Short descriptive text snippets
# # # #

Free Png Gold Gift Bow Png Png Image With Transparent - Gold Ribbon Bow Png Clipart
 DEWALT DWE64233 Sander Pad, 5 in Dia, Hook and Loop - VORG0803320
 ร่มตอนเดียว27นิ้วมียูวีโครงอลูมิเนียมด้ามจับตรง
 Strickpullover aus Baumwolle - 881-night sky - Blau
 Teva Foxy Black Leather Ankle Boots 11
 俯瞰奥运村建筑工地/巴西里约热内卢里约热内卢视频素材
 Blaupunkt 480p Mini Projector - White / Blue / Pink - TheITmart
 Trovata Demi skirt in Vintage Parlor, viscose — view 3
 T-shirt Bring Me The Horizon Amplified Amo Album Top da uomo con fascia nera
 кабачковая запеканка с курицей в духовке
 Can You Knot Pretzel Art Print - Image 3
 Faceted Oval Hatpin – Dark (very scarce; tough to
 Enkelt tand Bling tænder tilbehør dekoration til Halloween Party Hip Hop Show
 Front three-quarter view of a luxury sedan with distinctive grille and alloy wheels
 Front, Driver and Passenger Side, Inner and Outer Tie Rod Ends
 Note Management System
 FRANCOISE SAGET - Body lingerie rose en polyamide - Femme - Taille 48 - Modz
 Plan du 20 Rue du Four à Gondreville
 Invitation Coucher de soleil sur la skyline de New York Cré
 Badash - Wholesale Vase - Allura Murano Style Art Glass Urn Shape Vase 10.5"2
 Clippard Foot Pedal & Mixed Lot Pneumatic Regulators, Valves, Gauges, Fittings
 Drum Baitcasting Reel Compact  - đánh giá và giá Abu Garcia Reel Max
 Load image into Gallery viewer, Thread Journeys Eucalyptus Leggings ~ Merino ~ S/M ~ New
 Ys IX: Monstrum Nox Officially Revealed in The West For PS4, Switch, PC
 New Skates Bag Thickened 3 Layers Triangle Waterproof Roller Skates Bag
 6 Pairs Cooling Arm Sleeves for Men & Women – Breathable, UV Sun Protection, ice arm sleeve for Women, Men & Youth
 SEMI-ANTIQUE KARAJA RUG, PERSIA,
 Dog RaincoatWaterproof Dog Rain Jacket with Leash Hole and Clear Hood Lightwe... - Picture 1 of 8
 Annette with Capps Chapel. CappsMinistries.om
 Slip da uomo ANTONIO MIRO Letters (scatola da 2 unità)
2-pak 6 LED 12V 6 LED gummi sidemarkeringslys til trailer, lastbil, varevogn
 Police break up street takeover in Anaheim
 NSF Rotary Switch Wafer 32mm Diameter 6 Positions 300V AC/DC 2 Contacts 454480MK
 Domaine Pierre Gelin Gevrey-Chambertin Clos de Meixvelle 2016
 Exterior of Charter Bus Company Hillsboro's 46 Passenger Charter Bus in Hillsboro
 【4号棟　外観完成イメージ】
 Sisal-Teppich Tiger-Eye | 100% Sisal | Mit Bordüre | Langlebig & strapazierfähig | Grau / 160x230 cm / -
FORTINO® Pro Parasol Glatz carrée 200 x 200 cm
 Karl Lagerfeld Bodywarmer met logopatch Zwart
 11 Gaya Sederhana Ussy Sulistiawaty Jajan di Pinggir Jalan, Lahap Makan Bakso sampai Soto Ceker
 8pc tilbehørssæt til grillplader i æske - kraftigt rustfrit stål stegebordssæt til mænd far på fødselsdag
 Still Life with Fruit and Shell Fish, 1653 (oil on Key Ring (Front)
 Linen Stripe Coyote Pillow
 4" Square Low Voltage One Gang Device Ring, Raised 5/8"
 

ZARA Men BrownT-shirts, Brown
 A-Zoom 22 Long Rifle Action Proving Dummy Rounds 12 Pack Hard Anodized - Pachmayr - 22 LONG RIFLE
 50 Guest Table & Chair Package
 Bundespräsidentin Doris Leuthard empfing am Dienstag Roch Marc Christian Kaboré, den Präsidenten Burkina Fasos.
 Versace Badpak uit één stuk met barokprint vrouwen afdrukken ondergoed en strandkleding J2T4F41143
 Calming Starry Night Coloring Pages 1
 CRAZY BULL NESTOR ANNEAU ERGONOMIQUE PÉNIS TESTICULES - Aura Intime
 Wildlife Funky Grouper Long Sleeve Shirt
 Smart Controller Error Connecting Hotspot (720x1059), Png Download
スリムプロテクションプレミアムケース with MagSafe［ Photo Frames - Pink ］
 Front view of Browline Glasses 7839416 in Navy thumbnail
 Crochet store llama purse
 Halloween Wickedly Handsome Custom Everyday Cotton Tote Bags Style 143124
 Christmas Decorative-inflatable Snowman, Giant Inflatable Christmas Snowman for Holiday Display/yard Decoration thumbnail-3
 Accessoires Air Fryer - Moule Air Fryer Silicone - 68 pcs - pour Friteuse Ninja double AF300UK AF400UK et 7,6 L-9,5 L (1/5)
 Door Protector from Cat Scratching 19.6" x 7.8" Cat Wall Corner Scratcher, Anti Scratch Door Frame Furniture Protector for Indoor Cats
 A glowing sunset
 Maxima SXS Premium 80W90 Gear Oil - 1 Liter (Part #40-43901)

# # # #

# Exercise details
The entries above must each be repeated exactly.

# Response
Free Png Gold Gift Bow Png Png Image With Transparent - Gold Ribbon Bow Png Clipart
 DEWALT DWE64233 Sander Pad, 5 in Dia, Hook and Loop - VORG0803320
 ร่มตอนเดียว27นิ้วมียูวีโครงอลูมิเนียมด้ามจับตรง
 Strickpullover aus Baumwolle - 881-night sky - Blau
 Teva Foxy Black Leather Ankle Boots 11
 俯瞰奥运村建筑工地/巴西里约热内卢里约热内卢视频素材
 Blaupunkt 480p Mini Projector - White / Blue / Pink - TheITmart
 Trovata Demi skirt in Vintage Parlor, viscose — view 3
 T-shirt Bring Me The Horizon Amplified Amo Album Top da uomo con fascia nera
 кабачковая запеканка с курицей в духовке
 Can You Knot Pretzel Art Print - Image 3
 Faceted Oval Hatpin – Dark (very scarce; tough to
 Enkelt tand Bling tænder tilbehør dekoration til Halloween Party Hip Hop Show
 Front three-quarter view of a luxury sedan with distinctive grille and alloy wheels
 Front, Driver and Passenger Side, Inner and Outer Tie Rod Ends
 Note Management System
 FRANCOISE SAGET - Body lingerie rose en polyamide - Femme - Taille 48 - Modz
 Plan du 20 Rue du Four à Gondreville
 Invitation Coucher de soleil sur la skyline de New York Cré
 Badash - Wholesale Vase - Allura Murano Style Art Glass Urn Shape Vase 10.5"2
 Clippard Foot Pedal & Mixed Lot Pneumatic Regulators, Valves, Gauges, Fittings
 Drum Baitcasting Reel Compact  - đánh giá và giá Abu Garcia Reel Max
 Load image into Gallery viewer, Thread Journeys Eucalyptus Leggings ~ Merino ~ S/M ~ New
 Ys IX: Monstrum Nox Officially Revealed in The West For PS4, Switch, PC
 New Skates Bag Thickened 3 Layers Triangle Waterproof Roller Skates Bag
 6 Pairs Cooling Arm Sleeves for Men & Women – Breathable, UV Sun Protection, ice arm sleeve for Women, Men & Youth
 SEMI-ANTIQUE KARAJA RUG, PERSIA,
 Dog RaincoatWaterproof Dog Rain Jacket with Leash Hole and Clear Hood Lightwe... - Picture 1 of 8
 Annette with Capps Chapel. CappsMinistries.om
 Slip da uomo ANTONIO MIRO Letters (scatola da 2 unità)
2-pak 6 LED 12V 6 LED gummi sidemarkeringslys til trailer, lastbil, varevogn
 Police break up street takeover in Anaheim
 NSF Rotary Switch Wafer 32mm Diameter 6 Positions 300V AC/DC 2 Contacts 454480MK
 Domaine Pierre Gelin Gevrey-Chambertin Clos de Meixvelle 2016
 Exterior of Charter Bus Company Hillsboro's 46 Passenger Charter Bus in Hillsboro
 【4号棟　外観完成イメージ】
 Sisal-Teppich Tiger-Eye | 100% Sisal | Mit Bordüre | Langlebig & strapazierfähig | Grau / 160x230 cm / -
FORTINO® Pro Parasol Glatz carrée 200 x 200 cm
 Karl Lagerfeld Bodywarmer met logopatch Zwart
 11 Gaya Sederhana Ussy Sulistiawaty Jajan di Pinggir Jalan, Lahap Makan Bakso sampai Soto Ceker
 8pc tilbehørssæt til grillplader i æske - kraftigt rustfrit stål stegebordssæt til mænd far på fødselsdag
 Still Life with Fruit and Shell Fish, 1653 (oil on Key Ring (Front)
 Linen Stripe Coyote Pillow
 4" Square Low Voltage One Gang Device Ring, Raised 5/8"
 

ZARA Men BrownT-shirts, Brown
 A-Zoom 22 Long Rifle Action Proving Dummy Rounds 12 Pack Hard Anodized - Pachmayr - 22 LONG RIFLE
 50 Guest Table & Chair Package
 Bundespräsidentin Doris Leuthard empfing am Dienstag Roch Marc Christian Kaboré, den Präsidenten Burkina Fasos.
 Versace Badpak uit één stuk met barokprint vrouwen afdrukken ondergoed en strandkleding J2T4F41143
 Calming Starry Night Coloring Pages 1
 CRAZY BULL NESTOR ANNEAU ERGONOMIQUE PÉNIS TESTICULES - Aura Intime
 Wildlife Funky Grouper Long Sleeve Shirt
 Smart Controller Error Connecting Hotspot (720x1059), Png Download
スリムプロテクションプレミアムケース with MagSafe［ Photo Frames - Pink ］
 Front view of Browline Glasses 7839416 in Navy thumbnail
 Crochet store llama purse
 Halloween Wickedly Handsome Custom Everyday Cotton Tote Bags Style 143124
 Christmas Decorative-inflatable Snowman, Giant Inflatable Christmas Snowman for Holiday Display/yard Decoration thumbnail-3
 Accessoires Air Fryer - Moule Air Fryer Silicone - 68 pcs - pour Friteuse Ninja double AF300UK AF400UK et 7,6 L-9,5 L (1/5)
 Door Protector from Cat Scratching 19.6" x 7.8" Cat Wall Corner Scratcher, Anti Scratch Door Frame Furniture Protector for Indoor Cats
 A glowing sunset
 Maxima SXS Premium 80W90 Gear Oil - 1 Liter (Part #40-43901)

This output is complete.